Ri-me perguntei-lhe se aquele seria o primeiro beijo...ou se era namorado único...que nestas idades os amores vêm e vão da mesma forma com que se acaba um pacote de pastilhas elásticas.
"Na boca é o primeiro...mas nunca fizemos...aquilo..."
Aquilo?!? Aquilo seria...exactamente o quê? Arrisquei...
"Então...aquilo o quê?"
"Aquilo que os mais velhos fazem...de se agarrarem contra a parede. nem sei se é o sexo...e não digas à minha mãe que te disse isto, mas sei que ficam uma data de tempo naquilo! Já vi a minha vizinha da frente. E isso, disse ao Rafael que não fazia.
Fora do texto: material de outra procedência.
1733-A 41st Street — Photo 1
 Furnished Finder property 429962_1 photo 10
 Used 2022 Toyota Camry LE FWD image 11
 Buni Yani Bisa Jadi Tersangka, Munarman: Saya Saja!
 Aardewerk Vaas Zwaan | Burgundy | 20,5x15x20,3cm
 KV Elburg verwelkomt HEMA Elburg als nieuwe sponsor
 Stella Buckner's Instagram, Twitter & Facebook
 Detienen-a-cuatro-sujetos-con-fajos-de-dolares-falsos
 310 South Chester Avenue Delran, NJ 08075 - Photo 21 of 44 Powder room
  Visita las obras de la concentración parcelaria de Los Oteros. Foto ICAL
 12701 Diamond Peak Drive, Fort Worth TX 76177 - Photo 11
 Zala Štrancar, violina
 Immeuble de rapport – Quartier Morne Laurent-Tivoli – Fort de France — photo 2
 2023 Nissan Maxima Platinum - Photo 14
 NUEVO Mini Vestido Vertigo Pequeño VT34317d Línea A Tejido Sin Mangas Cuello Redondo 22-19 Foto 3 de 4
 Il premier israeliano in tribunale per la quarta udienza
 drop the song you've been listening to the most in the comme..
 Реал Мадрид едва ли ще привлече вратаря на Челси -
Mas ele também nem sabia o que é...coitado, não tem vizinhas malucas!"
Acenei com a cabeça...e a minha gargalhada explodia...sem que o eco se fizesse sentir... e a Sofia rematou: "Agora vou brincar ao Mata...que a minha amiga quer andar com o Rafael...mas eu comprei-lhe um chocolate e ela disse que preferia muito mais! Oh...e eu também...que agora só volto a dar beijos na boca quando no refeitório for uma comida que eu goste muito!"
Deu-me um abraço lambuzado...rasgou-se-me um sorriso de luz e do alto dos seus sete anos vividos intensamente, reproduzindo modelos que ainda nem compreendeu...fugiu acenando.
E assim segue, silencioso, o currículo oculto no pátio da escola. Até que alguém o veja. Até que alguém o entenda. Até que alguém o legisle.